Automate your Workflow: Removing Tedium in Everyday Work


Comments are closed.

Anonymous at 17:33 on 23 Oct 2014

Don't understand where is AI of diffbot. Chrome devtools + xslt

Interesting talk.

Not sure to understand all about Diffbot, but really appreciate the approach of automating repetitive and tedious task.
And I was glad to see the PHP editor for SitePoint, a good place to find articles on PHP and other web stuff.

Well, while diffbot seems a nice piece of software, I didn't see the link with php or event development workflow...

I'm not sure to understand all about Diffbot but i'll definitely take a look at it, for generating API easily based on urls.

The only (big) drawback is that it seems to be a commercial product (and not the cheaper one).
This is understandable, but is the Forum Php made for that ?

Don't really understand where is the "machine learning part"

@all: Thank you very much for the feedback, it's very important to me so I can see which areas I need to work on, and what explanations needs to be made more approachable. I'll try to address each comment individually now.

@Cedric: The magic of Diffbot is that it uses visual extraction of data - it doesn't rely only on HTML markup, but tries to learn and recognize what's important to humans. It gets better over time, so much so that even if the markup changes (essentially breaking the API in competitors), Diffbot will know to adapt to these changes and keep everything working.

@Romain: Thanks!

@Andre: I would be happy to clarify more? Is there anything in particular that confuses you?

@Rodrigue: Not sure what you mean, could you clarify? The link to diffbot is or @diffbot on Twitter, if that's what you mean, and the slides and source code links are coming soon, as soon as I regain proper internet access at home.

@Dits: See my comment to Cedric above, that explains a part of the machine learning. Why do you think it's a big drawback that it's commercial? You can have a free god token for two weeks, and you can also apply for a permanently free token if you have an open source or educational project. Get in touch with me if you'd like to know more about that.

It's also important to note that Diffbot also has a database, and a mega-crawler called Crawlbot (more on that on another occasion). You can unleash it on an entire domain and it will return the entire harvested content.
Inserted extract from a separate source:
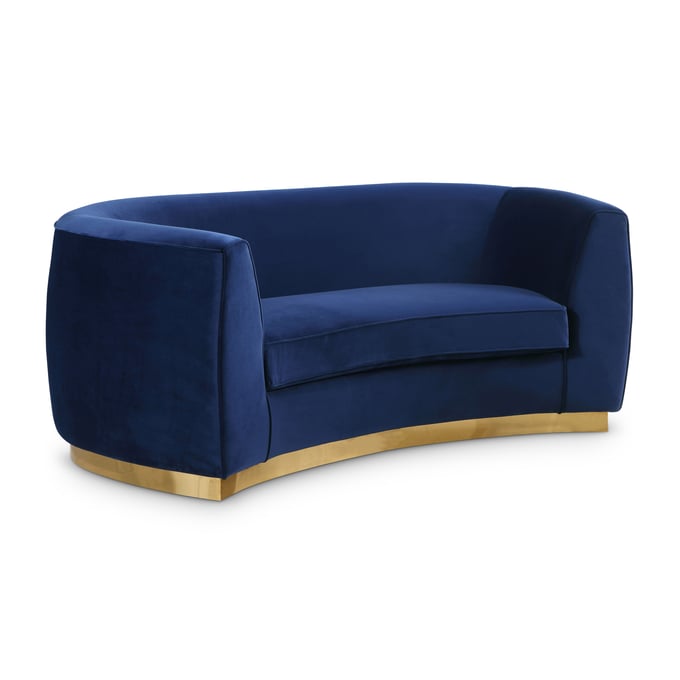 Meridian Furniture Julian Navy Velvet Gold Loveseat MRD-620NAVY-L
Not only that, but it will also ignore landing pages and other trivial and unimportant pages, recognizing them from previous experience, making sure you only get back what you really need. What's more, this data is then saved in both JSON and markup format on Diffbot's servers, and you can fast-search it Elasticsearch-style after it's done, without having to re-crawl. You're essentially getting an entire database backend. This is why it's a commercial product - it needs to cover these costs somehow.

@all: I'm sorry if I focused on Diffbot too much in my talk - it was adapted from a workshop format, and the other aspects of my automation (which I didn't have the chance to cover here), use different tools. I picked the first aspect because it was most diverse (using the widest array of different technologies), but I could have just as easily skipped Diffbot and talked about something else (for example, inovice generation uses Swiftmailer, HTML2PDF, Gearman, Symfony's EventDispatcher, etc). Stay tuned for the code, I'll post the link here, it should be very interesting to everyone who attended the talk.

Once again, thanks for the feedback!

Anonymous at 21:24 on 24 Oct 2014

Nice talk, could have been better if not so formal.
Good insight of how you deal with your job as an editor for a very good tech site.

Thanks for the presentation,

I must admit I came just by reading the author and the topic as I'm a regular reader of SitePoint - that contains very interesting articles. The topic sounded good also, however, I did not read that it was almost all about Diffbot!

I still appreciated the talk in a perfect well understandable English because my company has a similar usage for a quite different topic (checking product prices) but I must admit that, as @Dits, I think it's a bit expensive unfortunately, there's no chance we can use it.

And regarding what said @Rodrigue, I think he wanted to know why was it presented in a PHP conference. Probably because it's developed in PHP? But I must admit I do not remember seeing any PHP there.

Thank for this product presentation.

@nelson Thanks! What do you mean by formal exactly?

@guoillaume Thanks for the feedback! I'm sorry if it felt too Diffbot focused, and the reason it was in the presentation is twofold: 1. I'm genuinely curious about what people can build with it and 2. while it isn't built in PHP, it is perfect for combining it with it due to the simplicity of libraries like Guzzle. It removed a huge part of my work after I combined it with PHP, and that was the gist of it.

I showed you some PHP in the shape of Guzzle and Laravel implementation, but this wasn't supposed to be an in depth tutorial. Stay tuned for slides, more code will follow. I'll definitely try and go more in depth with code next time I talk about this though, thanks for letting me know.

Maybe your talk would have been more appropriate if it was more about your job as an editor (choice of subjects, things like that) for a very good tech site

@alexis: hmm, interesting, thanks. Could you go into more specifics on what you'd like to hear about that?

This talk provided us with an amazing glance at the current state of automation made available to users.
I wish there would be even more liberation of the server code though.

Thank you, Thierry! Much appreciated